La MESA est le fruit d’un projet collaboratif porté par deux associations, VRAC (Vers un Réseau d’Achat en Commun), fondée en 2013 et qui milite via ses 22 antennes françaises pour rendre l’alimentation de qualité accessible à tous, et Récup&Gamelles, engagée contre le gaspillage alimentaire. Cette initiative naît dans un contexte d’augmentation de la précarité alimentaire en France où huit millions de personnes, soit 13 % de la population nationale, sont touchées d’après le récent rapport « L’injuste prix de notre alimentation – quels coûts pour la société et la planète ? » co-réalisé par le Secours Catholique, le réseau CIVAM, Solidarité Paysans et la Fédération Française des Diabétiques.

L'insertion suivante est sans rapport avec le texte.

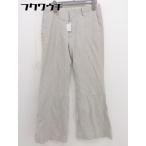 * Another Edition Another Addition linen. flare pants размер M серый серия женский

L’idée ? Favoriser l’accès au droit fondamental de se nourrir, pour et avec les habitants du quartier. « Il y a eu un an de préparation avant que le lieu soit ouvert en octobre 2022 », raconte Laura Wasson, responsable de l’épicerie. « On se retrouvait dans les locaux de la Permanence Photographique, au 110 avenue Paul Santy », retrace Hafiza, bénévole de la première heure et habitante du quartier.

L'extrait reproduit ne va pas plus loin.